Lord Justice Carnwath :
"In general (and I am putting on one side actions based on the apprehension of non-economic loss such as some breaches of confidence, and other special cases such as antisuit actions) injunctions are granted in order to protect a plaintiff from loss which would sound in damages, not from loss which would not sound in damages." (p692)
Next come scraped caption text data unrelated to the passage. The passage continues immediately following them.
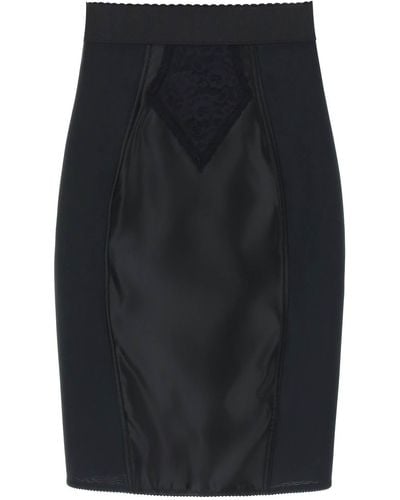 Dolce & Gabbana "Mini Satin And Powernet Skirt" - Black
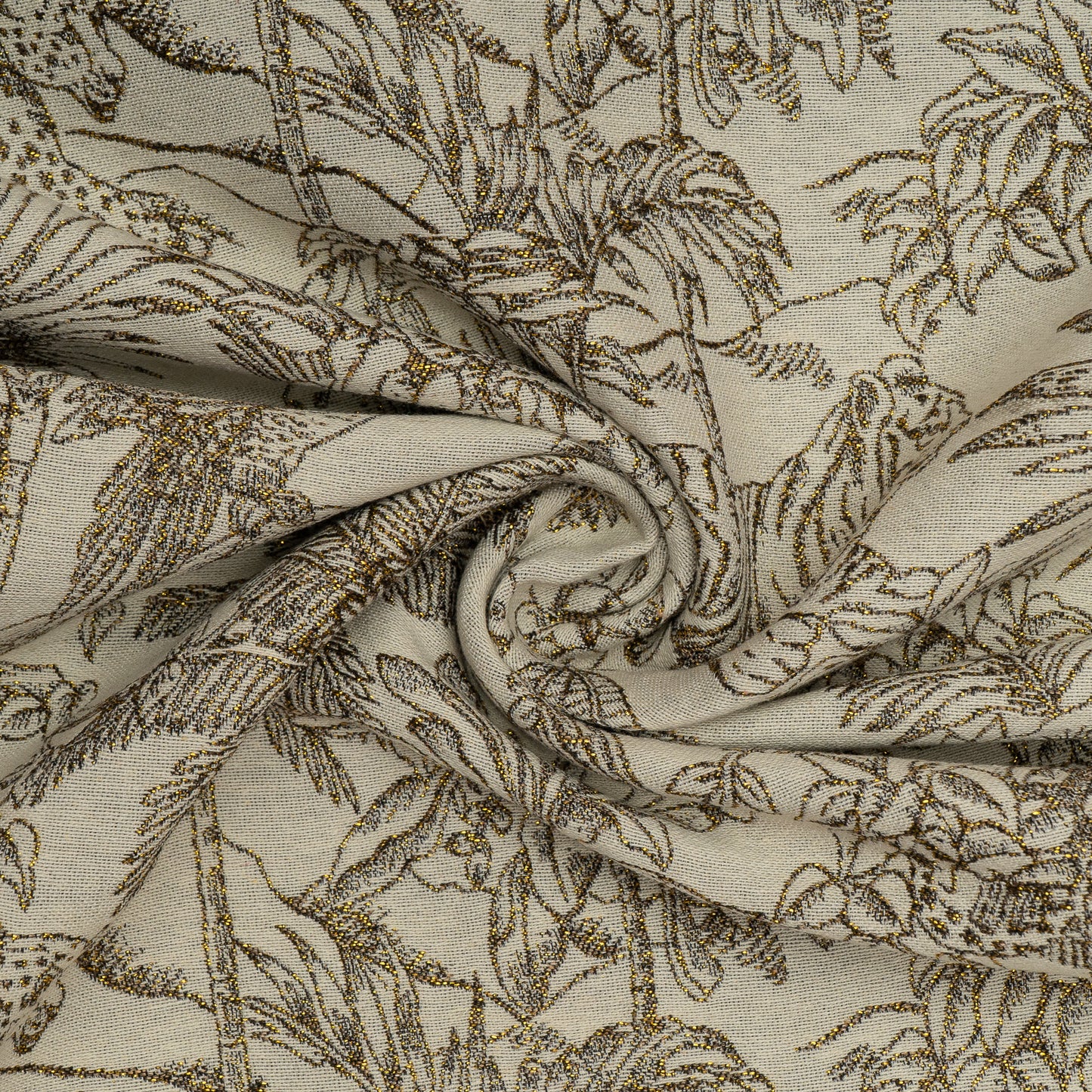White Golden Lurex Tropical Design Cotton Blend Jacquard | SKU: JDD-522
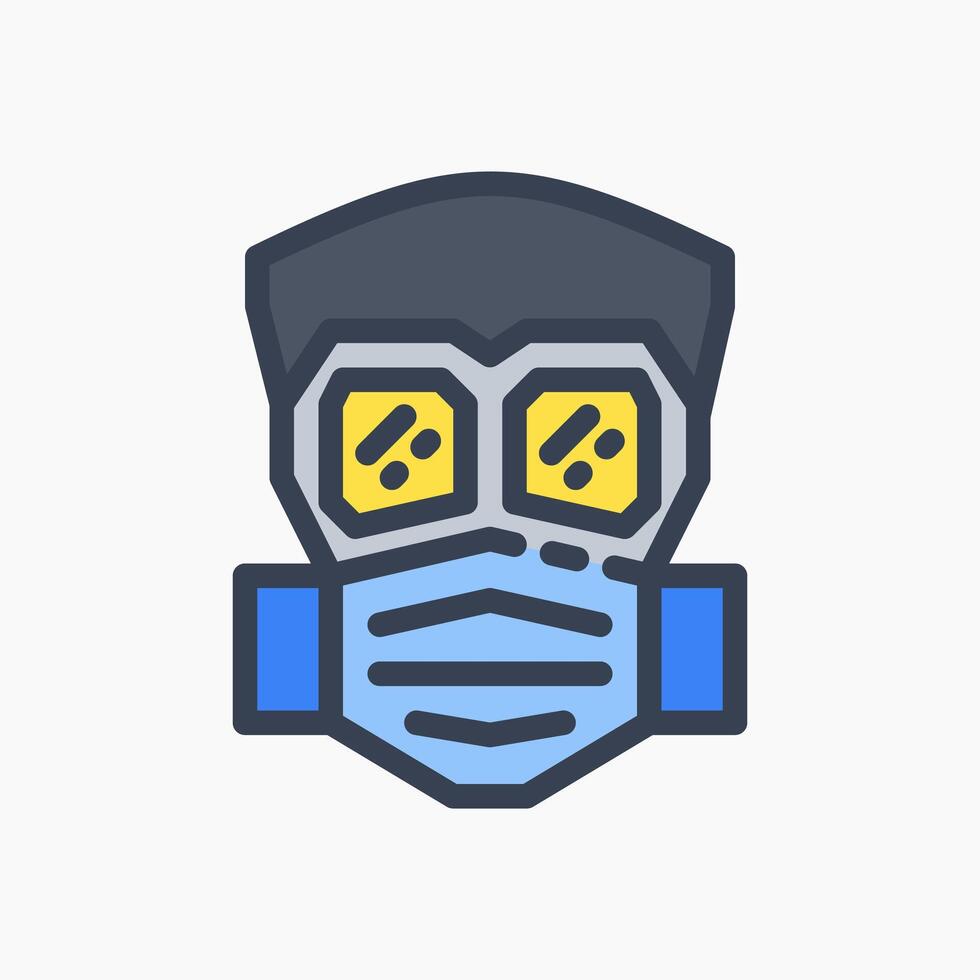 Design Illustration graphic of Safety mask icon with colored line style. Suitable for UI, mobile design, web design, etc. vector
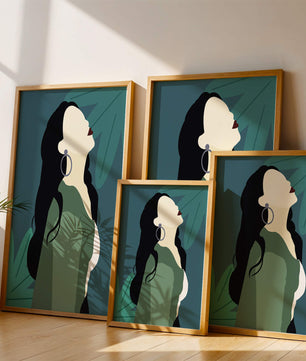 Stylized artwork of a woman with dark hair and earrings against a tropical leaf backdrop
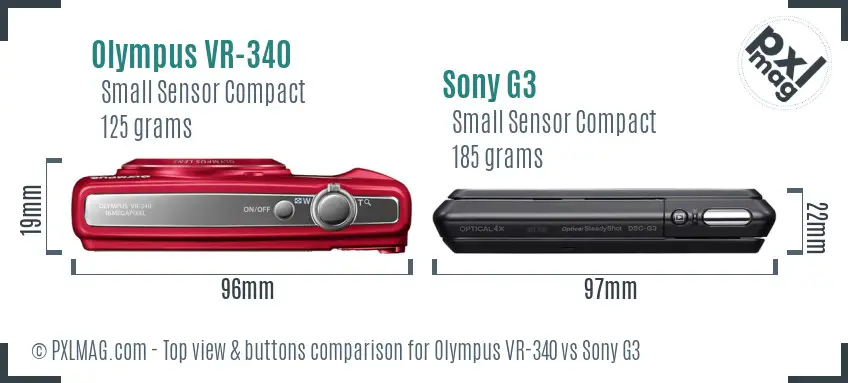 Olympus VR-340 vs Sony G3 top view buttons comparison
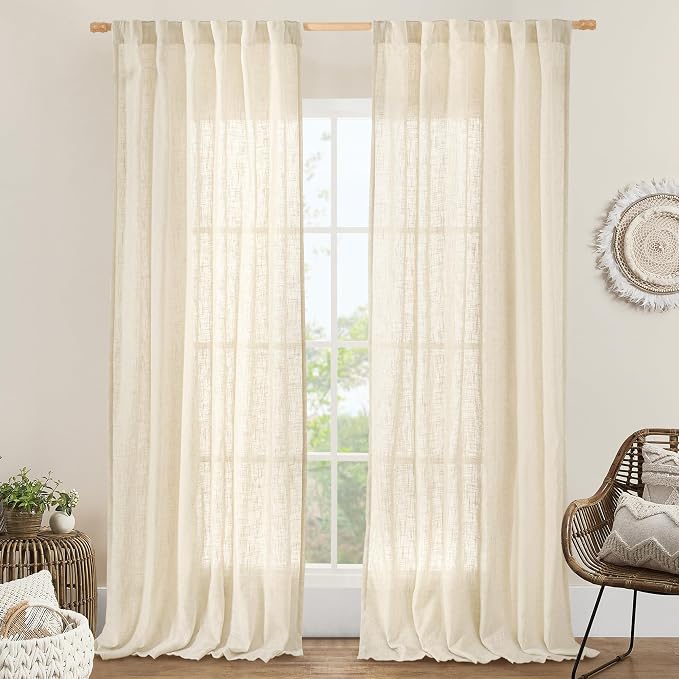 Natural Linen Curtains 120 Inch by LAMIT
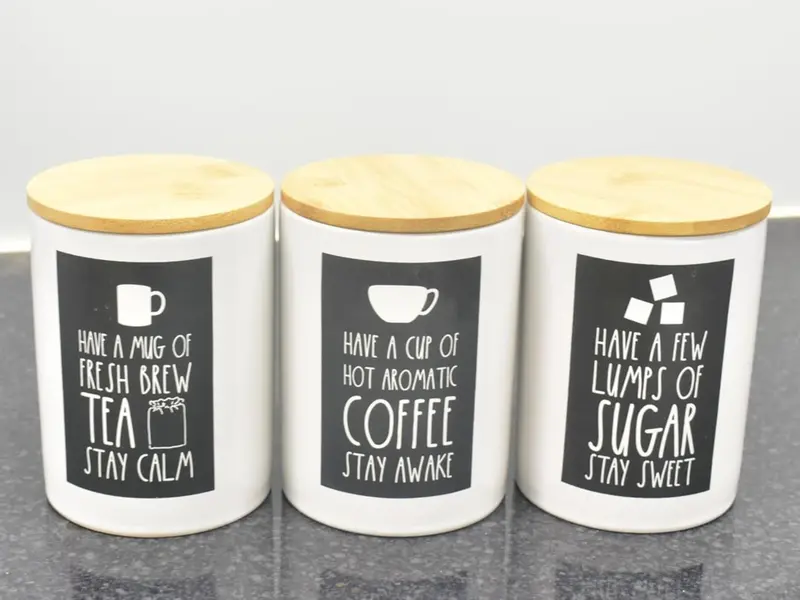 Set of 3 Jars Kitchen Canister Jar For Tea Coffee Sugar Storage Pots Wooden Lid Home Decorative, Kitchen, Dining Table, Eye-Catching Design (White & Black) 5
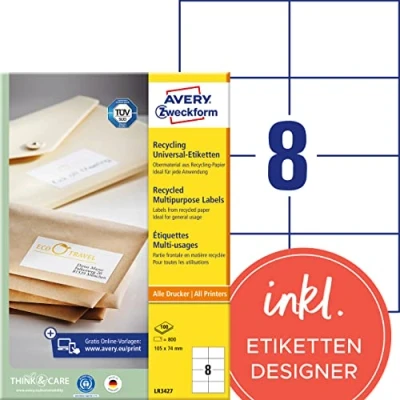 Abbildung von AVERY Zweckform LR3427 Recycling Etiketten (800 Adressaufkleber, 105x74mm auf A4, 100% recyceltes Altpapier, bedruckbare Versandetiketten, selbstklebende Versandaufkleber) 100 Blatt, naturweiß
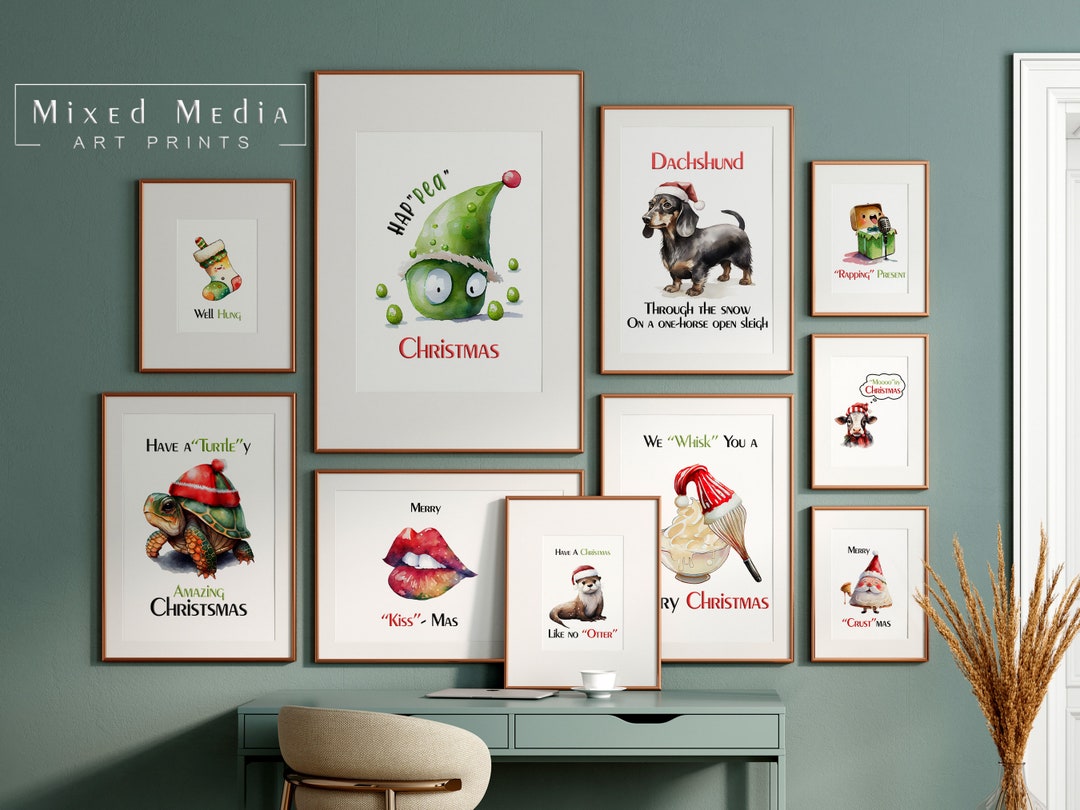 Gallery Wall Set of 20 Funny Christmas Wall Art Puns Etsy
"The object of the interlocutory injunction is to protect the plaintiff against injury by violation of his right for which he would not be adequately compensated in damages recoverable in the action if the uncertainty were resolved in his favour at the trial …".
The purpose of an interlocutory injunction therefore is protection, not just against "loss which would sound in damages", but against violation of any right where damages would not be adequate compensation. An obvious example of the need for that wider formulation is the case of trespass to land. A landowner whose title is not disputed is normally entitled to an injunction to restrain trespass on his land, even if the trespass does not harm him (see Patel v W.H. Smith (Eziot) Ltd [1987] 1 WLR 853, 858F). With great respect to Robert Walker J, therefore, I think that the passage in Peaudouce may be too narrowly stated. I also think he would have been surprised by the use sought to be made of it by Mr Watson.